The plaintiffs have moved to certify a class of beneficiaries of the "Empire Plan," an HMO for New York state and municipal employees.  They have also moved for partial summary judgment on liability and on the right to injunctive relief for one of the large insurance plans before the court.  These motions have been fully briefed for many months and await decision.

The plaintiffs filed a Fourth Amended Complaint on July 11, 2007.  UHC has moved to dismiss most of its counts, that motion has been briefed and the parties await a ruling.

On February 13, 2008, the New York Attorney General announced that he had commenced a broad investigation into the use by insurers of defective databases when determining “usual, customary and reasonable” payments made to out of network healthcare providers.  The Attorney General also announced his intention to bring suit against UHC related to defects in its Ingenix database.  The Attorney General’s investigation is ongoing and may result in investigations by regulators in other states. 

AMA involvement

The AMA is a named plaintiff in the case.

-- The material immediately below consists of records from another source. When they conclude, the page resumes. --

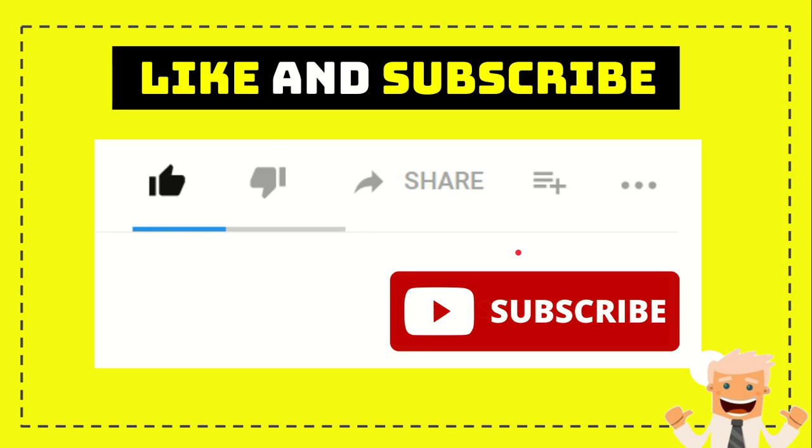Thank you so much for watching this video. If you find this video useful, you can help this channel grow by subscribing, clicking the subscribe button, and liking this video. If you want to share it with your friends, go ahead and click the share button to share it on any social media you wish. You can also comment in the comment section and say whatever you want. Thank you so much for watching, and see you again in another video — bye bye!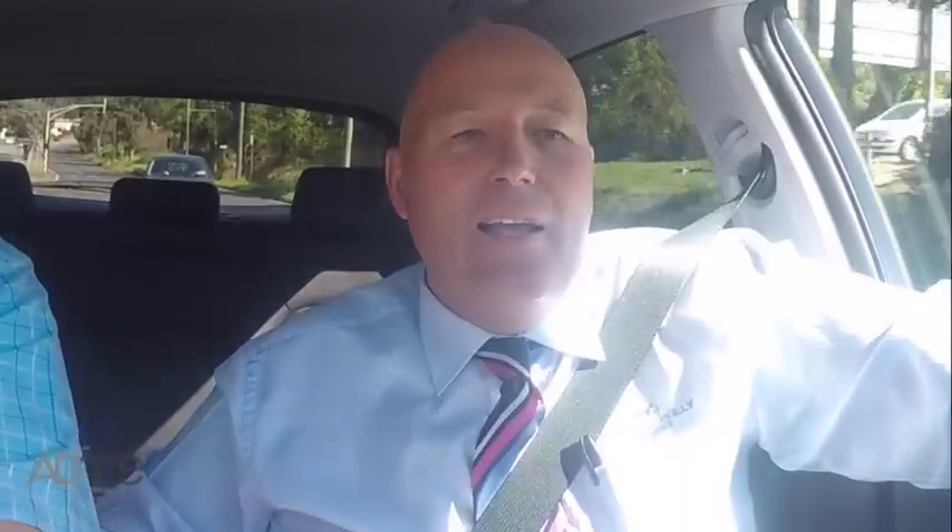People know about this stuff obviously. They've been knowing and they've been waiting for this car to come. It's a bit different to when I was young and you'd just go to a car dealer. Everybody seems to know now — if it hasn't got this, it hasn't got that, well they won't even go there in the first place.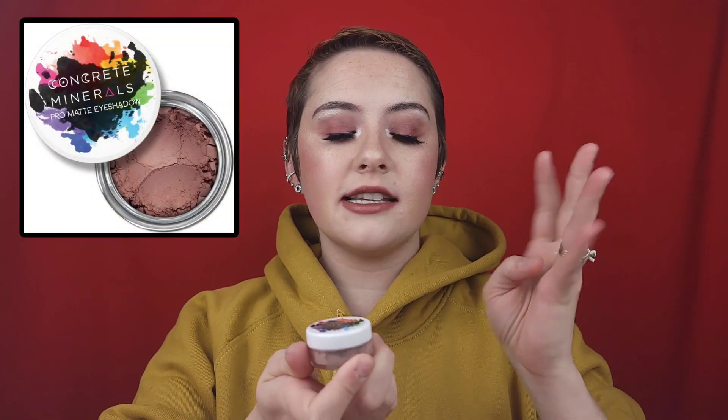I did this eye look today using my personal collection with the colors you will be winning. I first went in with the shade Bandit — this is the pro matte of the collection. It's such a beautiful color that will work with a lot of different shades in people's collections. You can use these eyeshadows together or with other eyeshadows in your collection. Bandit is a really pretty cool-toned brownie gray — I absolutely love it.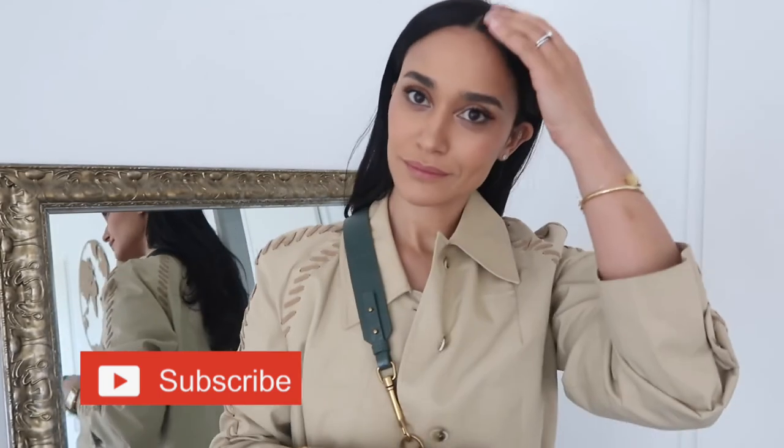Thank you guys for watching this video. Please leave me a thumbs up, a comment, and see you soon. Bye bye! Au revoir.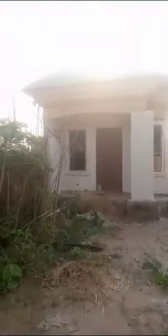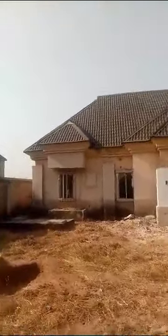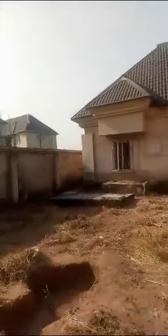This is total one plot of land. The security house is one plot of land. This building is almost 80% completed.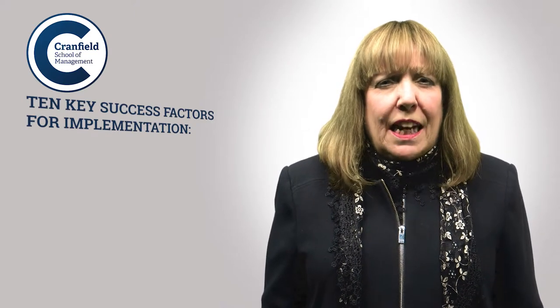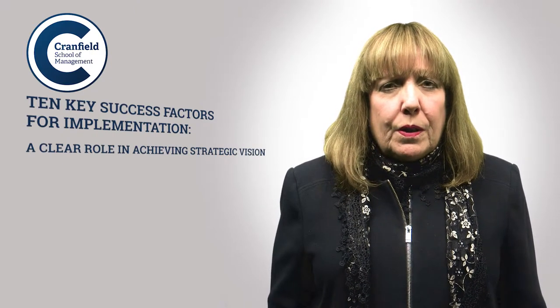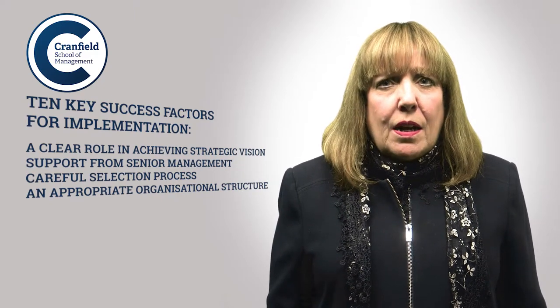Firstly, KAM has a clear role in achieving the strategic vision of the organisation, and KAM is strongly linked to the organisation's business plans and future goals. Secondly, KAM has high profile support from senior management. There does need to be a careful selection of appropriate key customers and an appropriate organisational framework and buy-in for supporting key account management.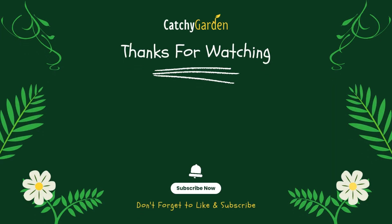Thanks for watching from Catchy Garden. Don't forget to click like and subscribe to always support our channel. You can also turn on the notification bell to get the latest videos from us.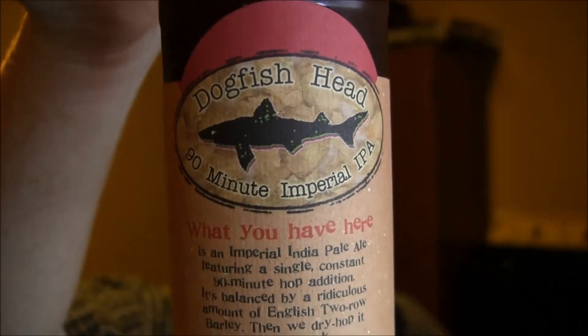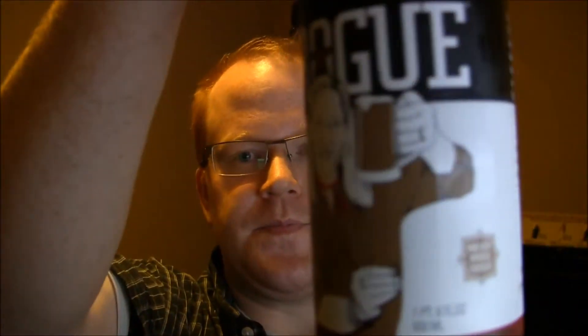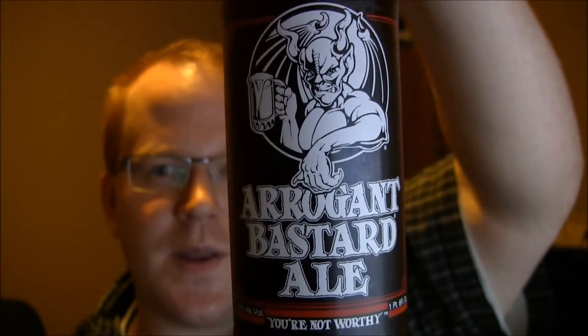First up we have some Dogfish Head 90 Minute — I picked up a four-pack. I've had one bottle so far and it's awesome, definitely one of the top IPAs I've had, if not maybe the best. We also have Dogfish Head Midas Touch, which was really different but really delicious — I got a four-pack of that as well. I've also got a Rogue Chocolate Stout; I've heard a lot of good things about Rogue and I love stouts. And from Jimmy's neck of the woods, we've got Stone Arrogant Bastard — that one should be interesting.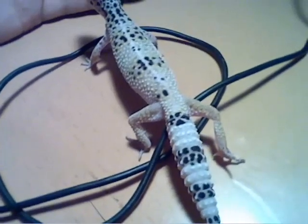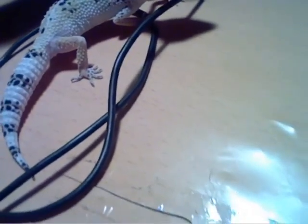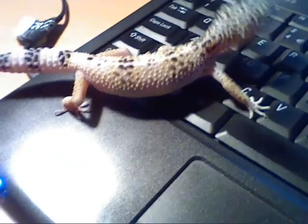Here she is. She's more or less the same age as the last one I told you about. She's a super hypo snow female. She's got a little bit of yellow but most of her is all cream and white. She's a lovely thing. She's only four or five months old.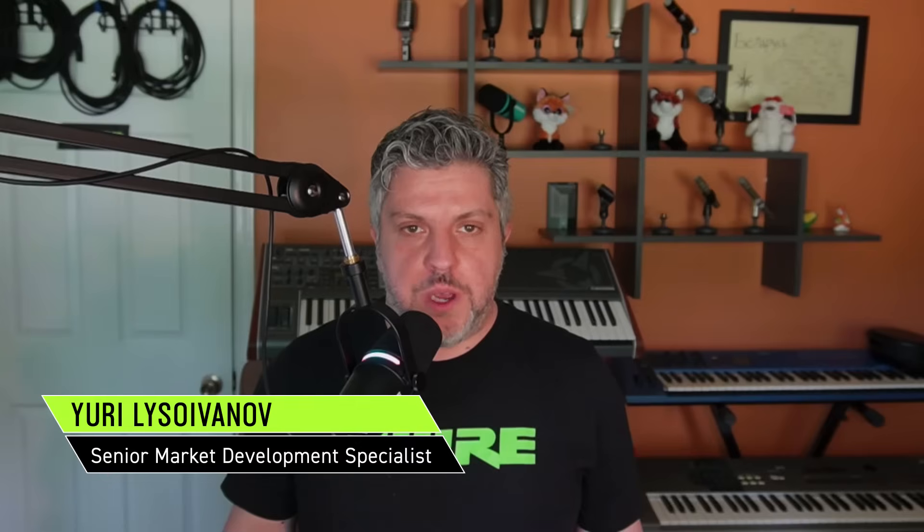Hey everybody, Yuri here, and now that we've released Nexodyne, I want to take a quick moment to talk about the KSM-8 and the NXN-8, and what makes each of these microphones so unique. Let's take a look.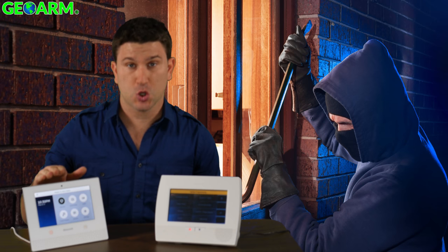If you are looking for a home security system, chances are you're looking at the Honeywell Lyric controller and the Honeywell Lynx Touch L7000 security systems. Today we'll be going in-depth comparing and contrasting these systems and their features.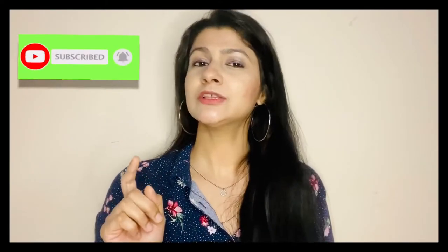But before we begin, if you like what you see, please subscribe to my channel and tap on the bell icon so you get notified every time I upload a new video.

American Society of Anesthesiologists/Wisconsin Blue Cross Litigation

Issue

The issue in this case was whether an insurance company had improperly “bundled” and “downcoded” medical services provided by anesthesiologists, which resulted in underpayment to those anesthesiologists for the services provided.

AMA interest

The AMA supports fair payment to physicians for their medical services.

Case summary

A number of Wisconsin anesthesiologists complained of improper “bundling” (i.e., packaging of medical services for payment purposes) and “downcoding” by Wisconsin Blue Cross/Blue Shield, contrary to standard Current Procedural Technology (“CPT”) coding guidelines for classification of physicians’ services.  The Litigation Center supported the Wisconsin anesthesiologists in their efforts to secure just payments from Wisconsin Blue. 

When the anesthesiologists informed Wisconsin Blue that the AMA was supporting them, Wisconsin Blue initiated settlement discussions.  The case settled in the anesthesiologists’ favor.

Litigation Center involvement

The AMA provided general consultation and referral to expert witnesses, as well as publicly declaring support for the physicians.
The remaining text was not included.